In the records below, find the line with "Acryl letterkralen smiley White-gold" and the line with "Only Carmakoma Straight-Jeans". Print both exactly, along with every line between them, and no other line.

__GIVEN RECORDS__:
=== Begin Enclosure ===
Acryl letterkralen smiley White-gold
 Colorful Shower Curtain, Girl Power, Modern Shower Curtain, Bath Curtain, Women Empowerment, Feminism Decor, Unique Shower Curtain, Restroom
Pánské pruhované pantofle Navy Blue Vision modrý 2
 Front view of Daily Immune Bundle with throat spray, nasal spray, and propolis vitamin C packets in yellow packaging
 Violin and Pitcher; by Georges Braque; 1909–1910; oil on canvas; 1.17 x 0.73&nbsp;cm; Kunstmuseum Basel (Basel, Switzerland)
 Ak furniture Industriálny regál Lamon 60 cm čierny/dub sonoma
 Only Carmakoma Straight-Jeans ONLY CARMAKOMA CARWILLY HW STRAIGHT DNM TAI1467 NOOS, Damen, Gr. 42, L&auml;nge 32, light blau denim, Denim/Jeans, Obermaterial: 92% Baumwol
=== End Enclosure ===
=== Begin Enclosure ===
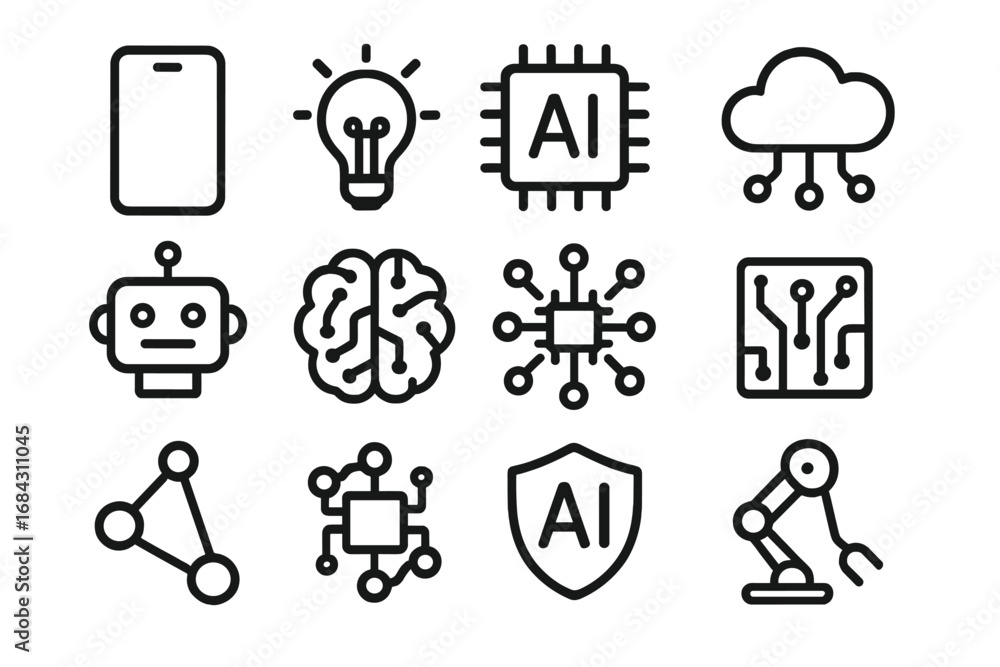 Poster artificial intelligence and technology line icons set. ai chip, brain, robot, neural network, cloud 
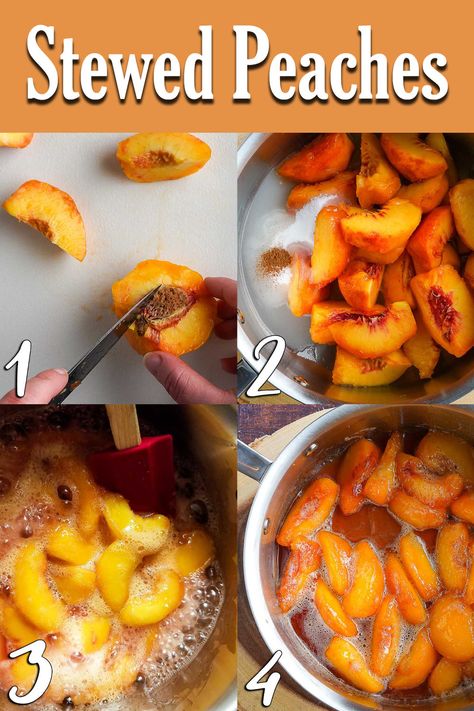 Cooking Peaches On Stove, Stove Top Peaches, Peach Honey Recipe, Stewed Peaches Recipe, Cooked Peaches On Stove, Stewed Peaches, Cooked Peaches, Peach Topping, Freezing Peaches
=== End Enclosure ===
__TASK RESULT__:
Acryl letterkralen smiley White-gold
 Colorful Shower Curtain, Girl Power, Modern Shower Curtain, Bath Curtain, Women Empowerment, Feminism Decor, Unique Shower Curtain, Restroom
Pánské pruhované pantofle Navy Blue Vision modrý 2
 Front view of Daily Immune Bundle with throat spray, nasal spray, and propolis vitamin C packets in yellow packaging
 Violin and Pitcher; by Georges Braque; 1909–1910; oil on canvas; 1.17 x 0.73&nbsp;cm; Kunstmuseum Basel (Basel, Switzerland)
 Ak furniture Industriálny regál Lamon 60 cm čierny/dub sonoma
 Only Carmakoma Straight-Jeans ONLY CARMAKOMA CARWILLY HW STRAIGHT DNM TAI1467 NOOS, Damen, Gr. 42, L&auml;nge 32, light blau denim, Denim/Jeans, Obermaterial: 92% Baumwol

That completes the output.